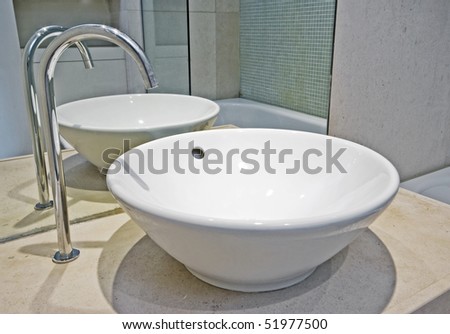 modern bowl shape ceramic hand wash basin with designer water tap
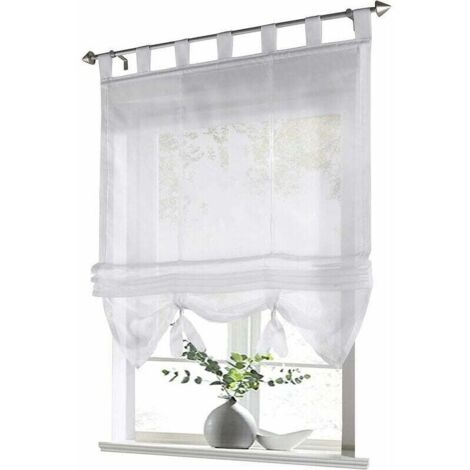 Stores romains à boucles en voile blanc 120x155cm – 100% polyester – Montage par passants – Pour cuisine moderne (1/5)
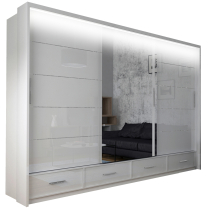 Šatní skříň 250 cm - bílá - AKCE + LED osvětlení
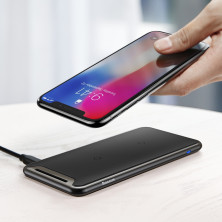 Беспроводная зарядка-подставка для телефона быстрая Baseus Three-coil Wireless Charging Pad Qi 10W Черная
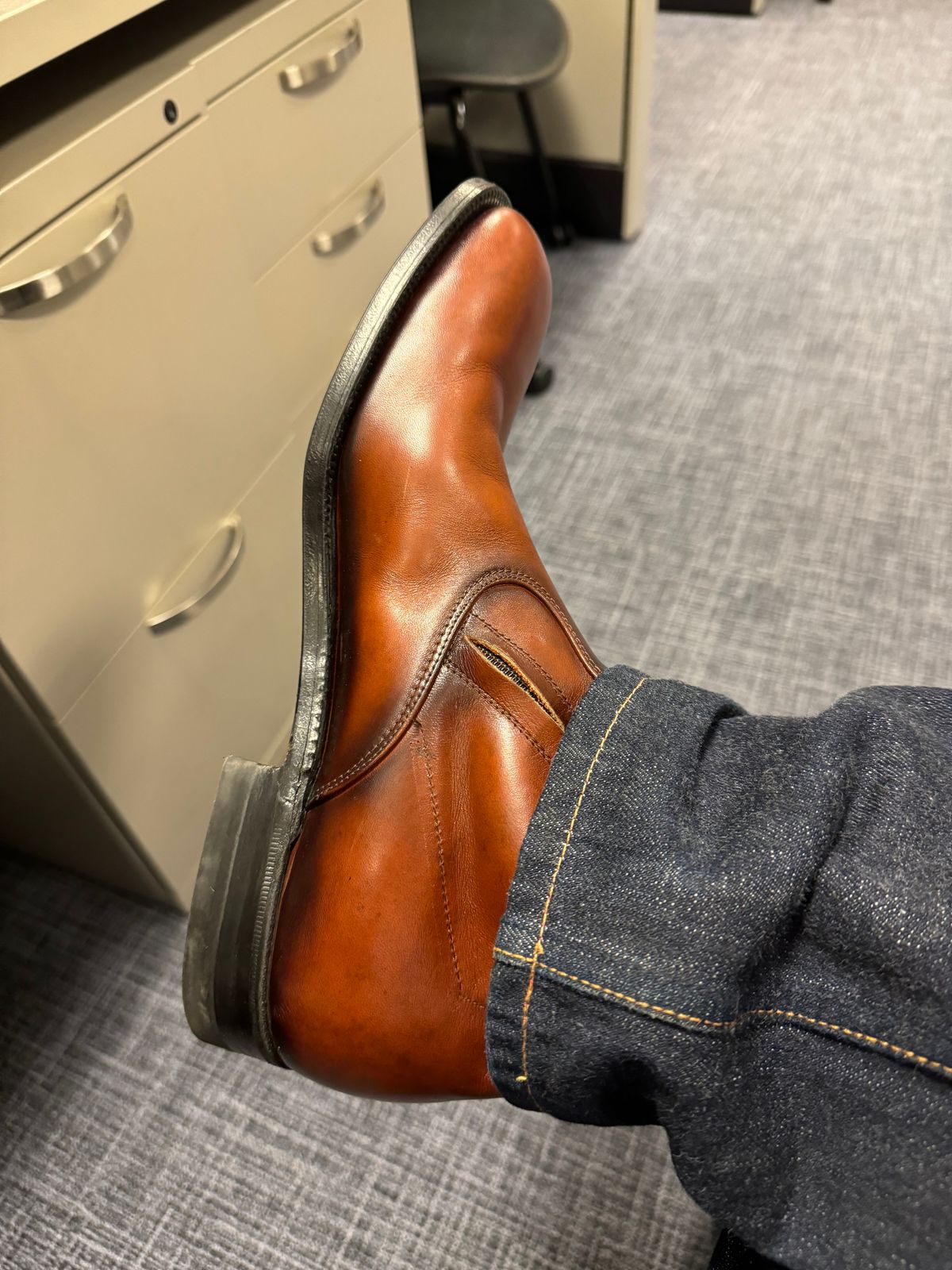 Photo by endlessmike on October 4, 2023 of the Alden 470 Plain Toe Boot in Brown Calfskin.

§ **Prompt**
Return the lines of the data above in full and exactly, with no pictures.

§ **Exercise response**
 modern bowl shape ceramic hand wash basin with designer water tap
 Stores romains à boucles en voile blanc 120x155cm – 100% polyester – Montage par passants – Pour cuisine moderne (1/5)
 Šatní skříň 250 cm - bílá - AKCE + LED osvětlení
 Беспроводная зарядка-подставка для телефона быстрая Baseus Three-coil Wireless Charging Pad Qi 10W Черная
 Photo by endlessmike on October 4, 2023 of the Alden 470 Plain Toe Boot in Brown Calfskin.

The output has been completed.